(Extracted data entries)

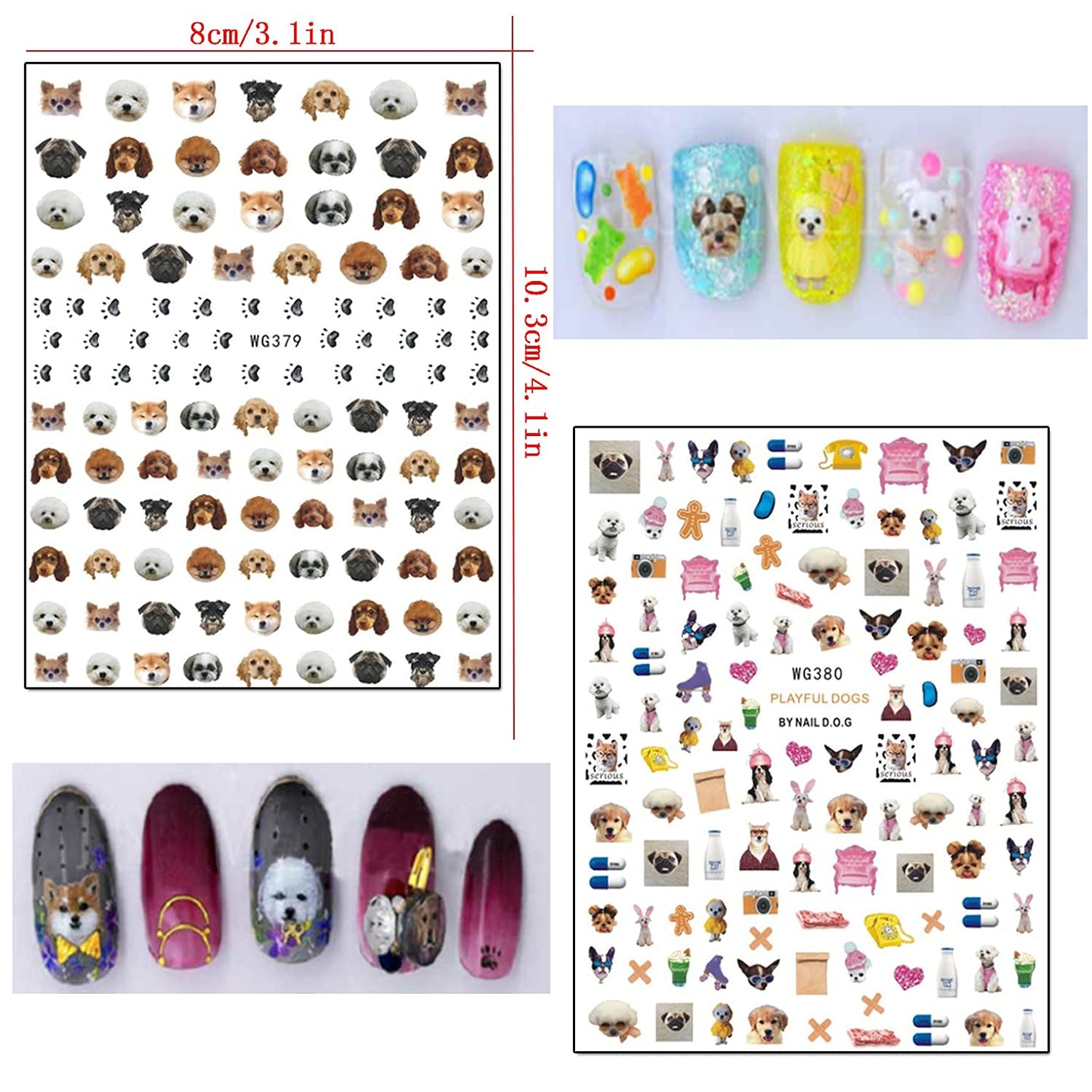 18 Sheets Colorful Nail Art Stickers with 8 Sheets Animal Nail Art Stickers
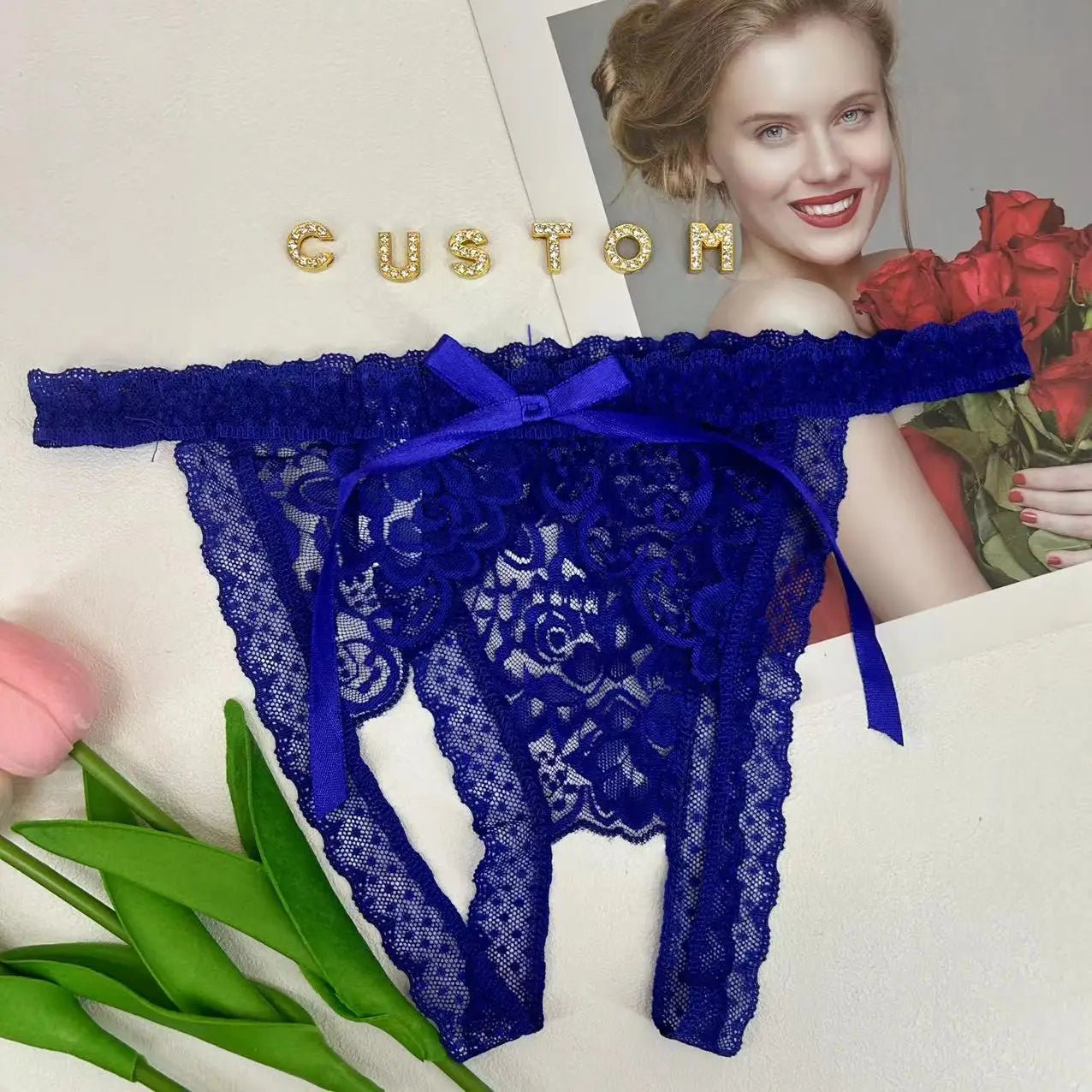 Custom Name Thong Sexy Lace Bowknot Panties For Women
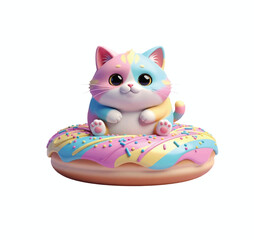 Adorable cartoon kitten perched atop a vibrant, sprinkle-covered donut, perfect for children's content, social media, and lighthearted designs, so irresistibly cute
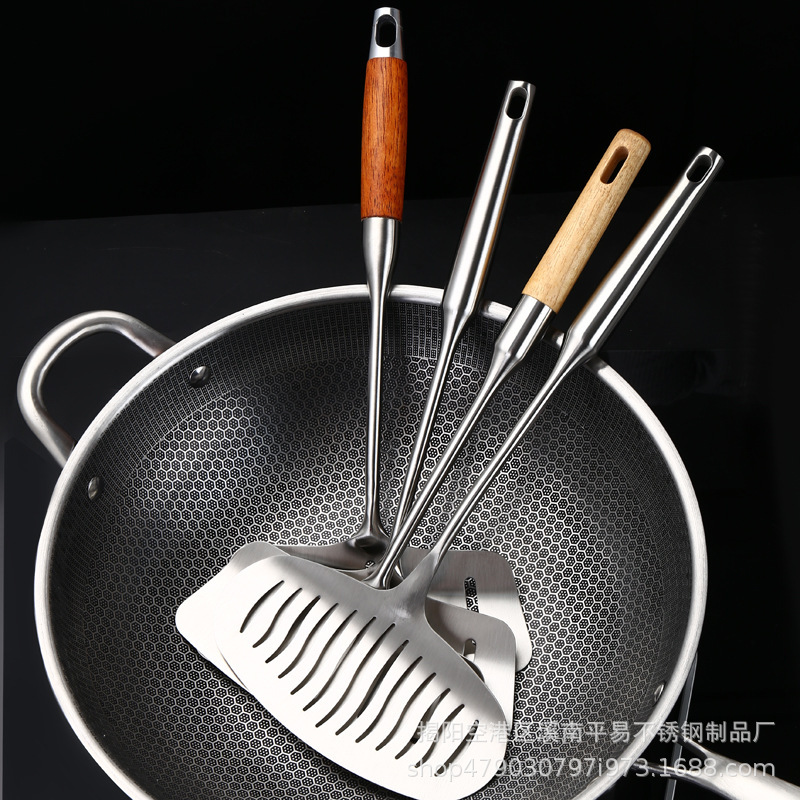 304台所用品ステンレスシャベルの幅が長い柄のシャベル家庭用ステーキ焼き魚の油漏れシャベル|undefined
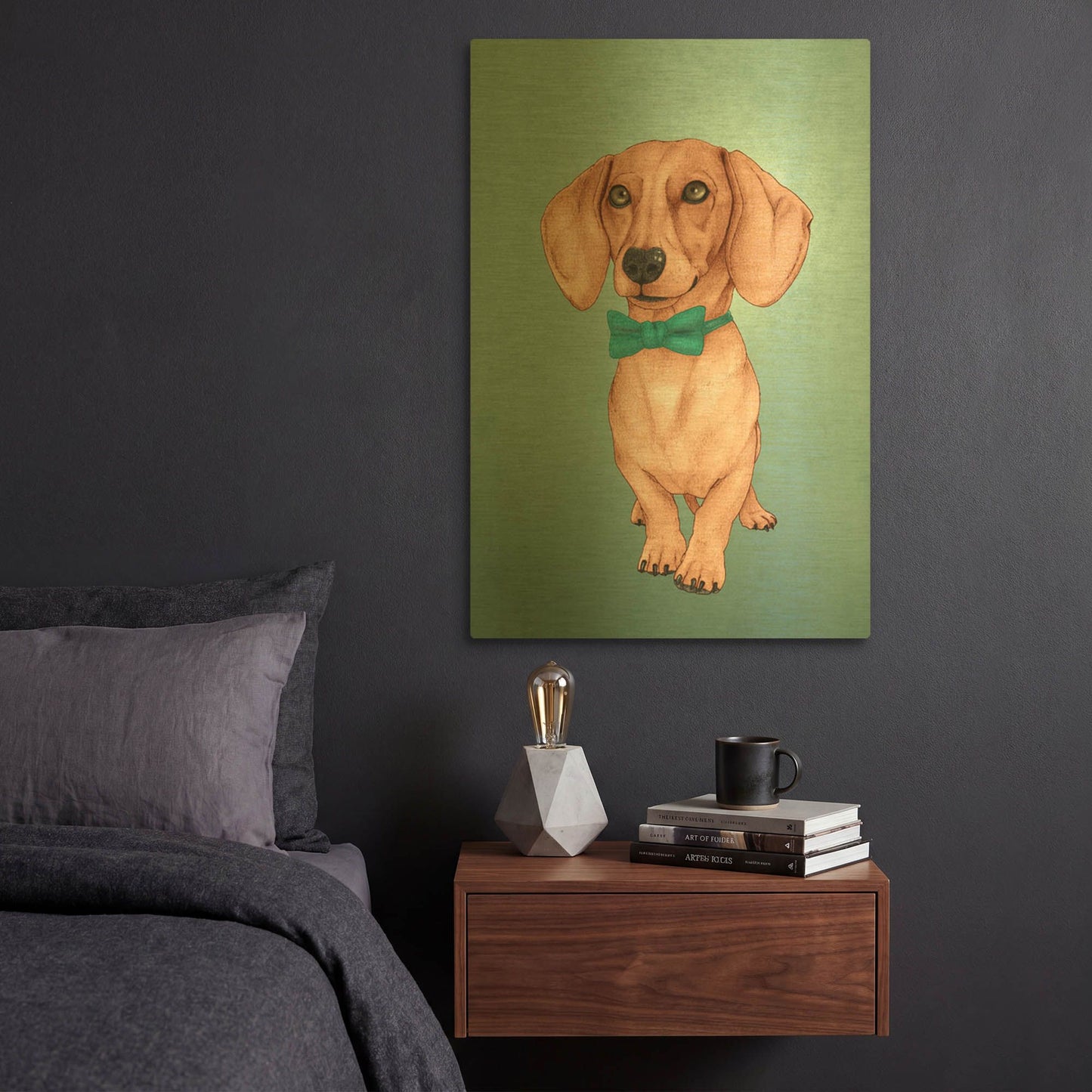 'The Wiener Dog' By Barruf Gold Metal Wall Art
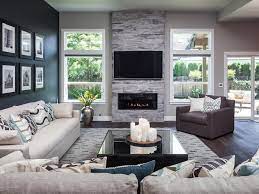 Modern Masculine Home With Rustic Industrial Touches Coastal Living Rooms Modern Grey Living Room Family Room Design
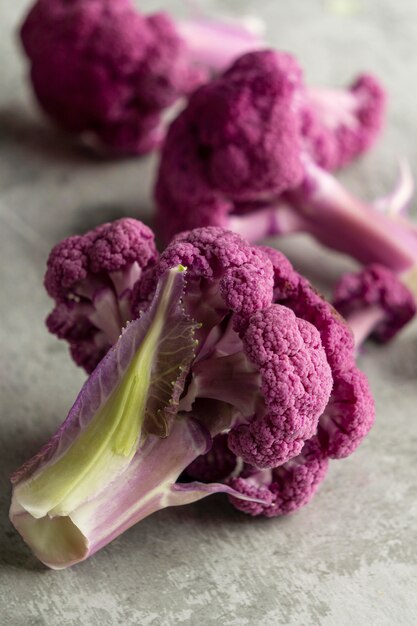 High angle pink cauliflower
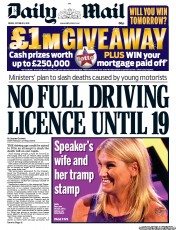 Daily Mail Newspaper Front Page (UK) for 11 October 2013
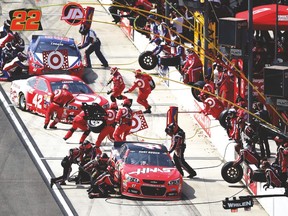 The late strategy to get just two new tires cost Kurt Busch in the No. 41 car at the Auto Club 400 on Sunday. (AFP)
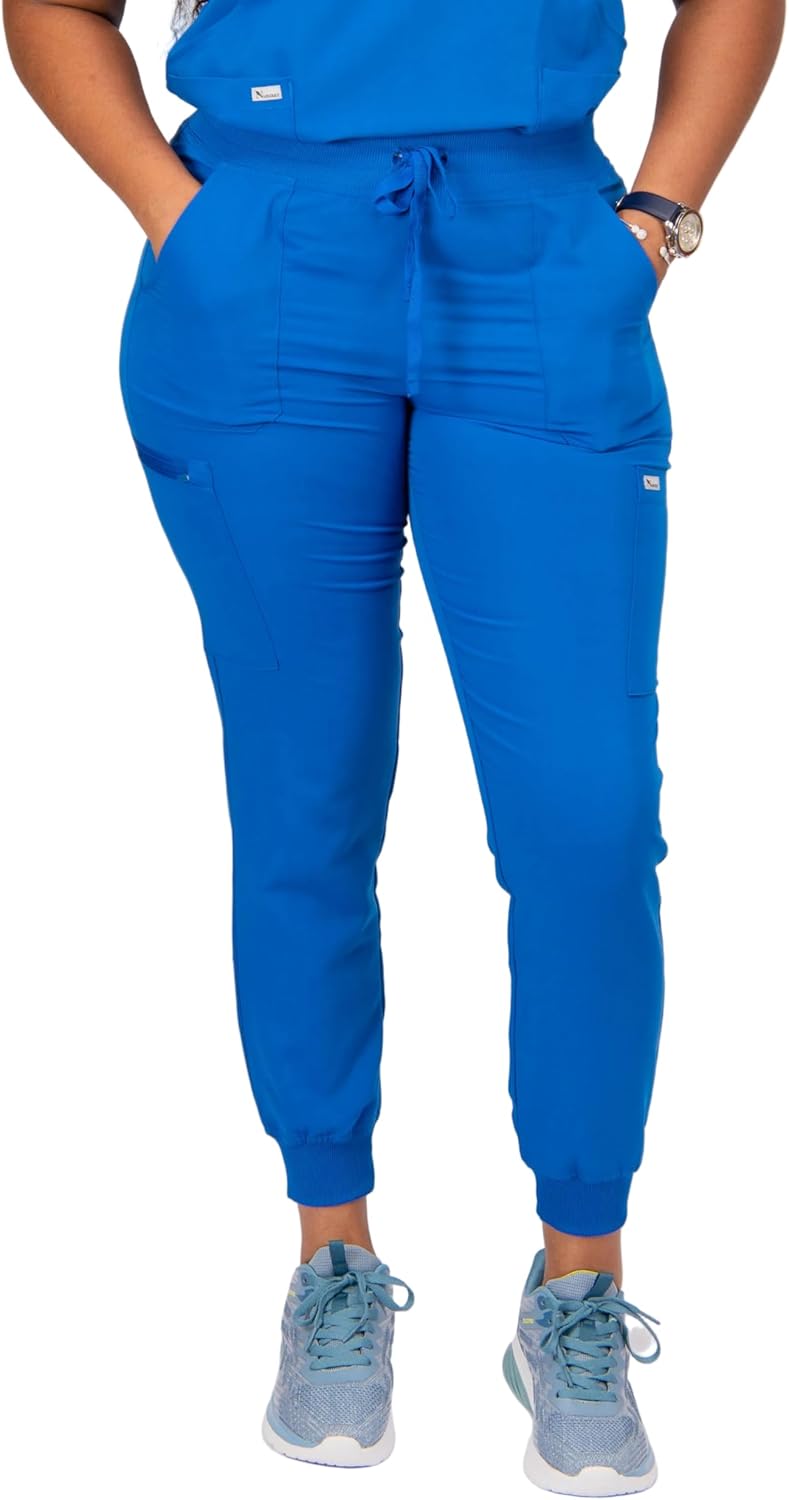 Rare-Bijoue Five-Pockets Women's High Waisted Jogger Scrub Pants, Four-Way-Stretch. Scrubs Bottom for Women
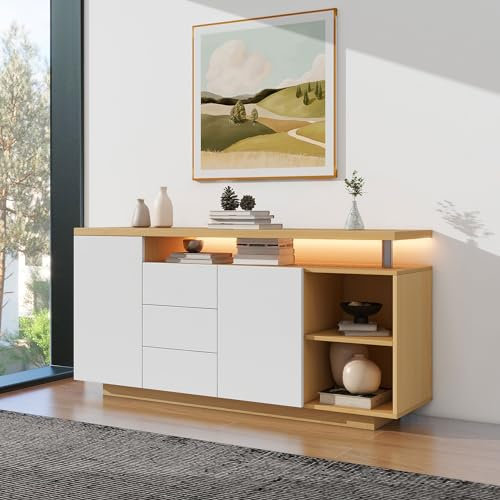 Ymkua Sideboard, Buffetschrank, Kommode mit 2 Türen und 3 Schubladen, Wohnzimmerschrank, Standschrank, TV-Schrank, Wohnzimmerwand, LED-Vitrine, Buffetschrank Esszimmer, 140x40x70 cm (White+Oak)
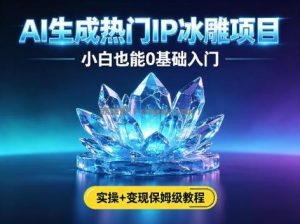 AI生成热门ip冰雕项目，小白也能0基础入门，实操+变现保姆级教程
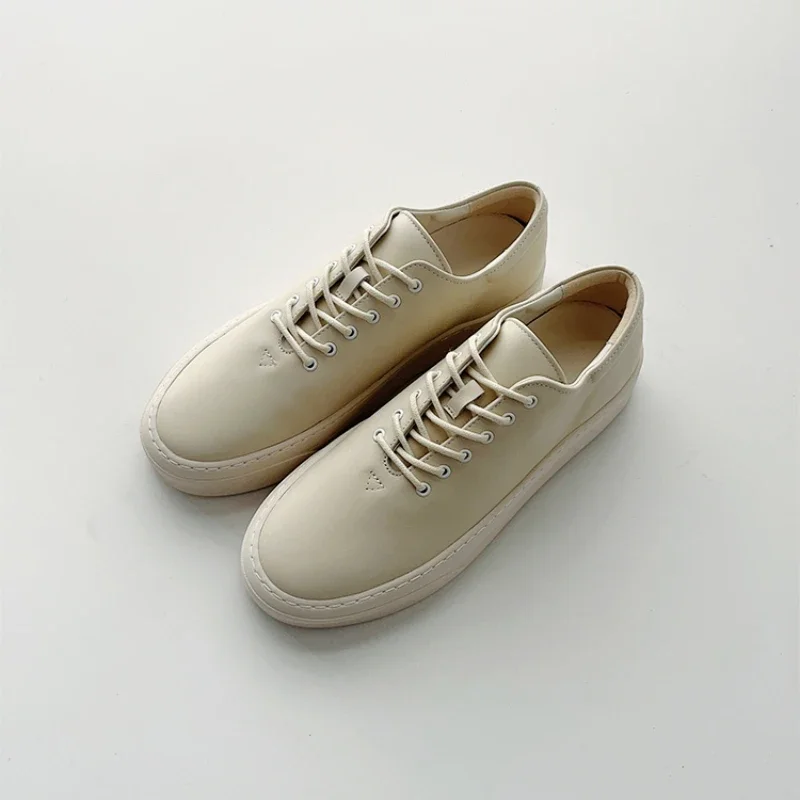 

Full leather small white shoes on the inside and outside, women's thick soled shoes, elevated flat soled leather board shoes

▶ _Task prompt_
Give the data again exactly as written, with all pictures left out.

▶ _Task solution_
 18 Sheets Colorful Nail Art Stickers with 8 Sheets Animal Nail Art Stickers
 Custom Name Thong Sexy Lace Bowknot Panties For Women
 Adorable cartoon kitten perched atop a vibrant, sprinkle-covered donut, perfect for children's content, social media, and lighthearted designs, so irresistibly cute
 304台所用品ステンレスシャベルの幅が長い柄のシャベル家庭用ステーキ焼き魚の油漏れシャベル|undefined
 'The Wiener Dog' By Barruf Gold Metal Wall Art
 Modern Masculine Home With Rustic Industrial Touches Coastal Living Rooms Modern Grey Living Room Family Room Design
 High angle pink cauliflower
 Daily Mail Newspaper Front Page (UK) for 11 October 2013
 The late strategy to get just two new tires cost Kurt Busch in the No. 41 car at the Auto Club 400 on Sunday. (AFP)
 Rare-Bijoue Five-Pockets Women's High Waisted Jogger Scrub Pants, Four-Way-Stretch. Scrubs Bottom for Women
 Ymkua Sideboard, Buffetschrank, Kommode mit 2 Türen und 3 Schubladen, Wohnzimmerschrank, Standschrank, TV-Schrank, Wohnzimmerwand, LED-Vitrine, Buffetschrank Esszimmer, 140x40x70 cm (White+Oak)
 AI生成热门ip冰雕项目，小白也能0基础入门，实操+变现保姆级教程

Full leather small white shoes on the inside and outside, women's thick soled shoes, elevated flat soled leather board shoes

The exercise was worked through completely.